No, this is a community project, and the mentors are volunteers. Participants will not pay anything if accepted into the SDML-KIP program. Note that some participants may voluntarily choose to purchase cloud computing resources. This is not required since there are many free resources at Kaggle and elsewhere. Participants may also get recommendations for good books or courses from mentors or other interns. The program is not affiliated with any commercial interests, mentors will not push interns to purchase anything, and interns will never be obligated to purchase anything as part of their participation.

Will there be future cohorts?

Yes. Cohort 1 is scheduled to run May through July 2024. We hope to continue with multiple cohorts per year.

Can I participate remotely?

Unfortunately, we are not prepared to work out the logistics for remote participation for Cohort 1. We will examine remote participants in future cohorts if we feel all of the program goals can be met at a similar level of quality for remote participants as with in-person participants.

How involved will mentors be?

Mentors will be heavily involved and very hands-on.
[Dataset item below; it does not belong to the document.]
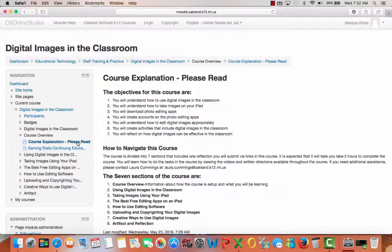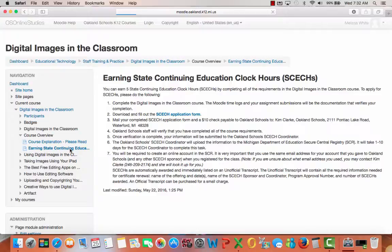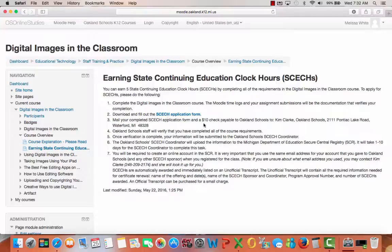If you would like state continuing education hours, click here. You can earn five credits. You will complete the Digital Images in the Classroom course, then download and fill out the credit application form and mail it with a $10 check payable to Oakland Schools.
Mentors will be part of the Kaggle team and will also be working on the competition. They will attend every Saturday working session (barring an occasional personal conflict), teaching techniques, providing feedback, and suggesting assignments. Participants will also have a private Slack channel where they can ask questions and request help from mentors throughout the week.

Will I learn practical skills?

Yes, participants will learn many machine learning practical skills, including:

  • Exploratory data analysis to understand the data
  • Clearly understanding the objective and metric(s)
  • Standard ML coding skill and ecosystem
  • Manipulating data with packages such as pandas, numpy, and PyTorch
  • How to train models, from logistic regression to gradient boosting machines to advanced deep learning models
  • How to rigorously validate and improve models
  • Effective communication about technical subjects

Participants will also learn tools like how to use Kaggle to pick up tricks from the community.

Since the SDML-KIP program is built around Kaggle competitions, participants are not so likely to learn about commercial tools and ML operations.

How will I be able to use this to help my career?

In addition to the real-world modeling skills that will be practiced and enhanced during the SDML-KIP program, participants will have concrete work they can link and share afterward. This will include notebooks, code, GitHub contributions, discussion posts, competition results, and Kaggle ranking points. All of these can be leveraged for blog posts or put on your resume and shared with future employers. We hope that interns will also leave the program with more confidence, an ability to learn new things faster, and with additional technical contacts.

If I wasn’t accepted, should I do something to improve my chances for the next cohort?

Not necessarily. Part of the design of selecting participants for a given cohort will be to choose people at a similar level, maximizing the overlap of things that different interns want and need to learn. It could just be bad luck if a cohort is composed of people at a skill level that is different from yours.